Provided material:
◇ ◇ ◇ ◇ ◇ ◇ ◇

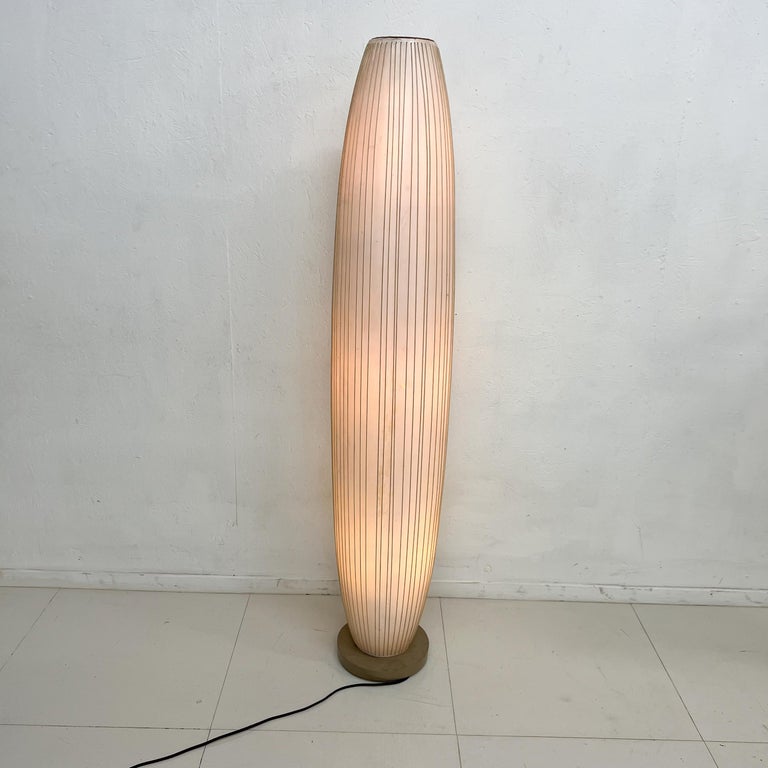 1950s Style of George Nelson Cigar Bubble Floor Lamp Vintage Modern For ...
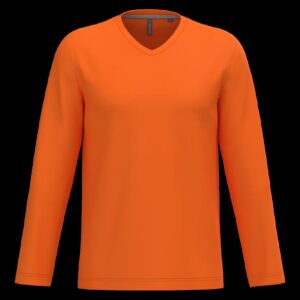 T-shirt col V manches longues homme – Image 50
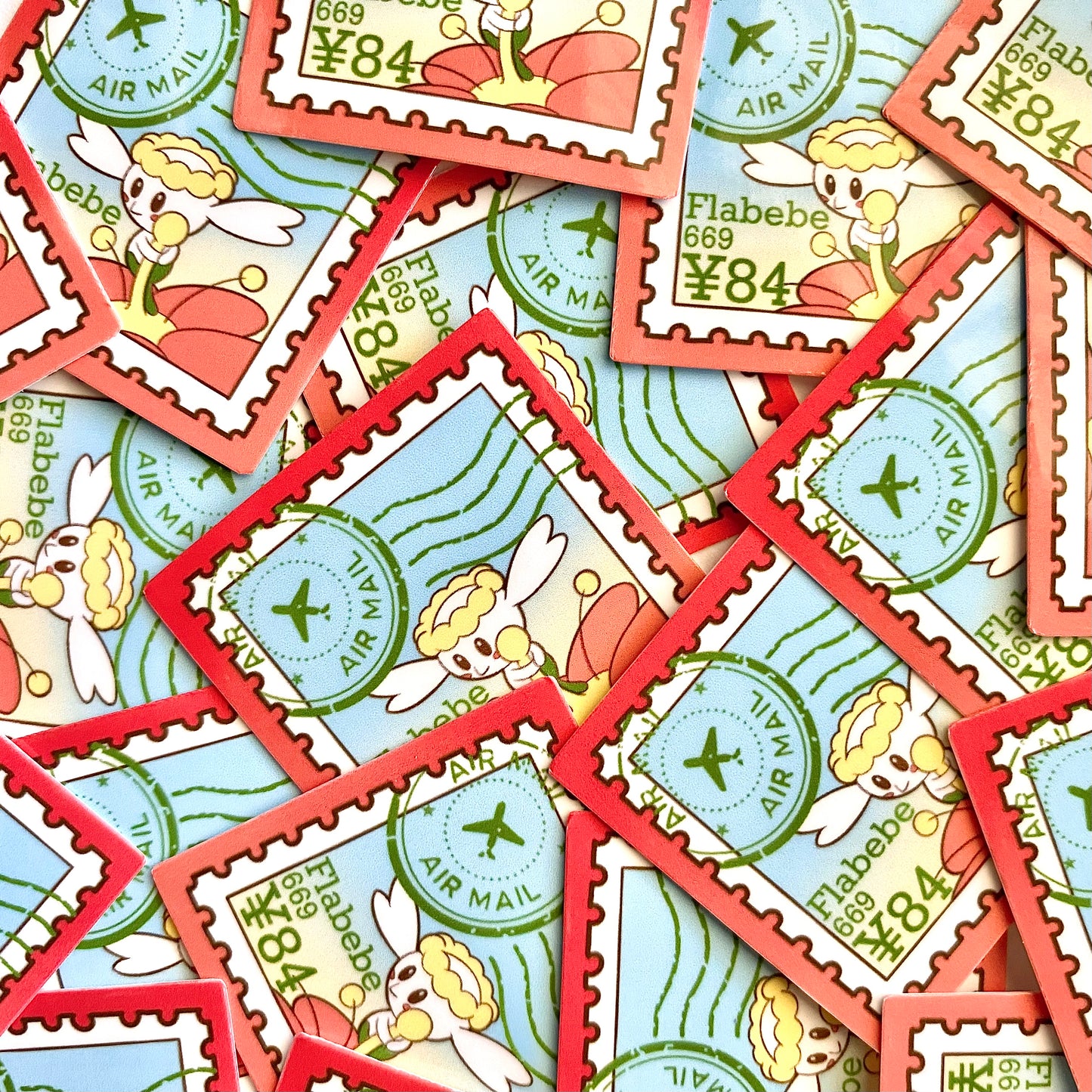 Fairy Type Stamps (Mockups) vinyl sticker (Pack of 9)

◇ ◇ ◇ ◇ ◇ ◇ ◇

Brief:
A word-for-word copy of the data above is needed, one that omits the pictures.

Solution to this problem:
 1950s Style of George Nelson Cigar Bubble Floor Lamp Vintage Modern For ...
 T-shirt col V manches longues homme – Image 50
 Fairy Type Stamps (Mockups) vinyl sticker (Pack of 9)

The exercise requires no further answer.